** Opening THE DATA block **

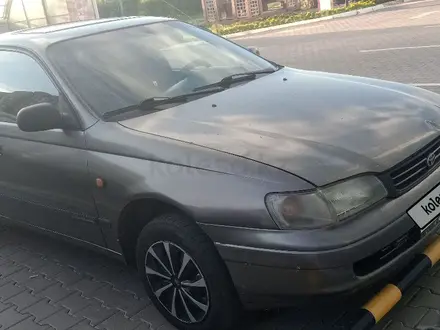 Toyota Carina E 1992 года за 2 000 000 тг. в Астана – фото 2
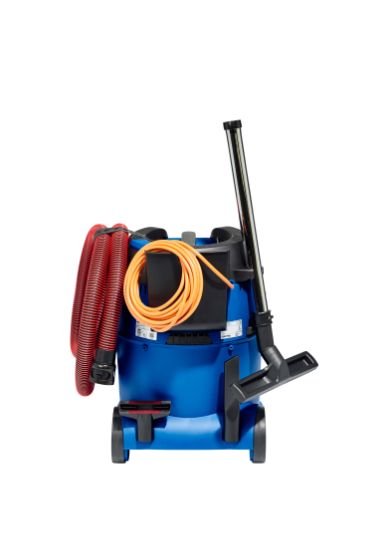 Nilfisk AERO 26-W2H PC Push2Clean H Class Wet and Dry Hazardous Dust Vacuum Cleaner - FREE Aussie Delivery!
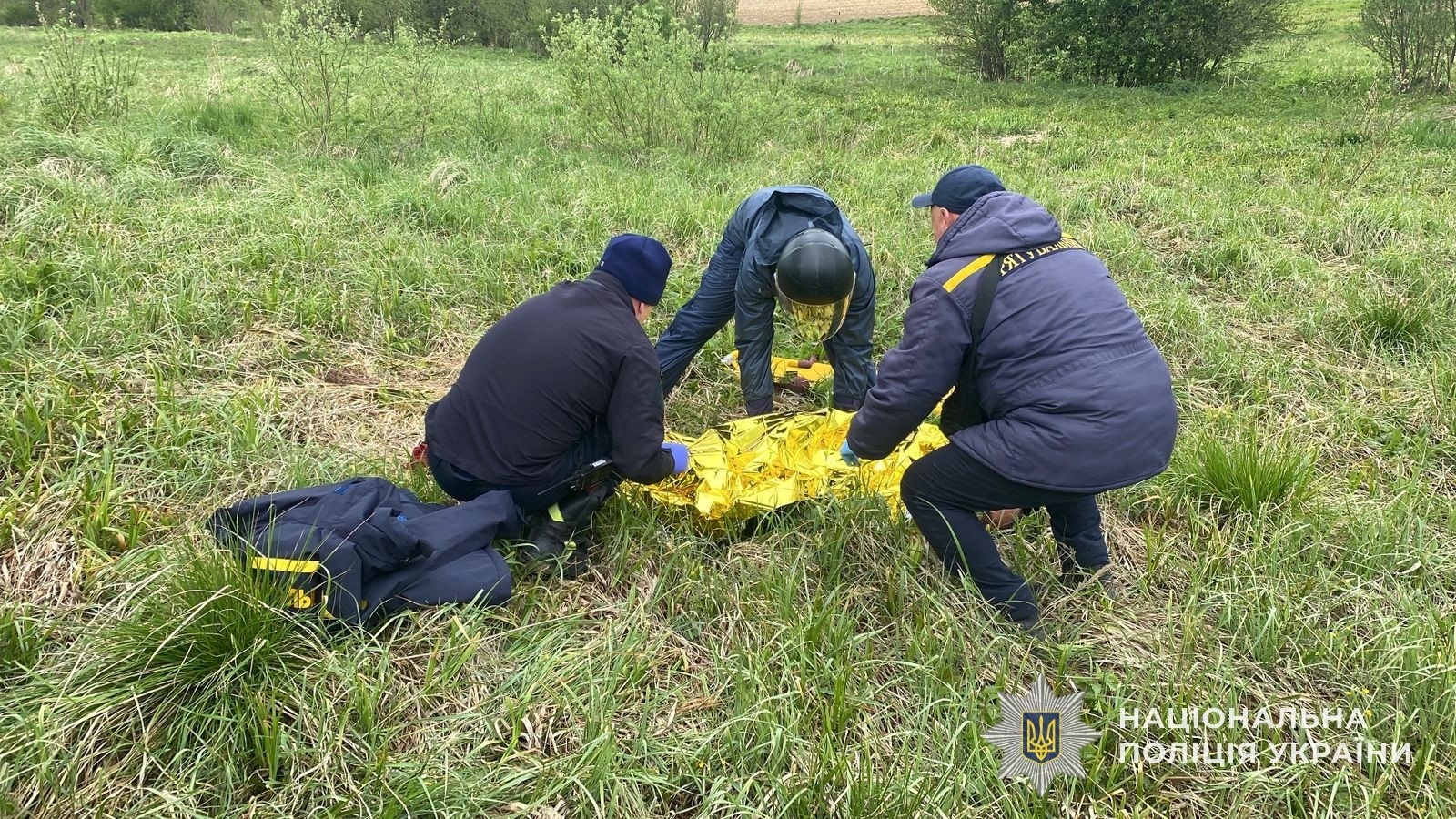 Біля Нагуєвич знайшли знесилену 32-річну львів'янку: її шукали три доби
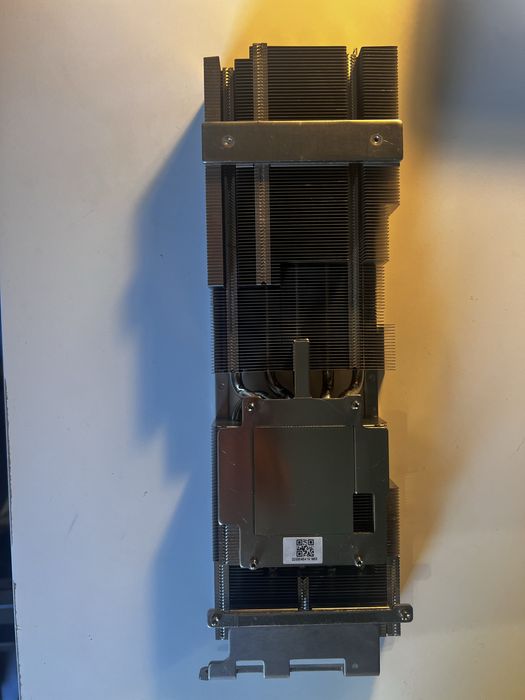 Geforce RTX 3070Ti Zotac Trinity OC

** Closing THE DATA block **

No pictures belong in the answer; copy all other parts of the listing exactly.

 Toyota Carina E 1992 года за 2 000 000 тг. в Астана – фото 2
 Nilfisk AERO 26-W2H PC Push2Clean H Class Wet and Dry Hazardous Dust Vacuum Cleaner - FREE Aussie Delivery!
 Біля Нагуєвич знайшли знесилену 32-річну львів'янку: її шукали три доби
 Geforce RTX 3070Ti Zotac Trinity OC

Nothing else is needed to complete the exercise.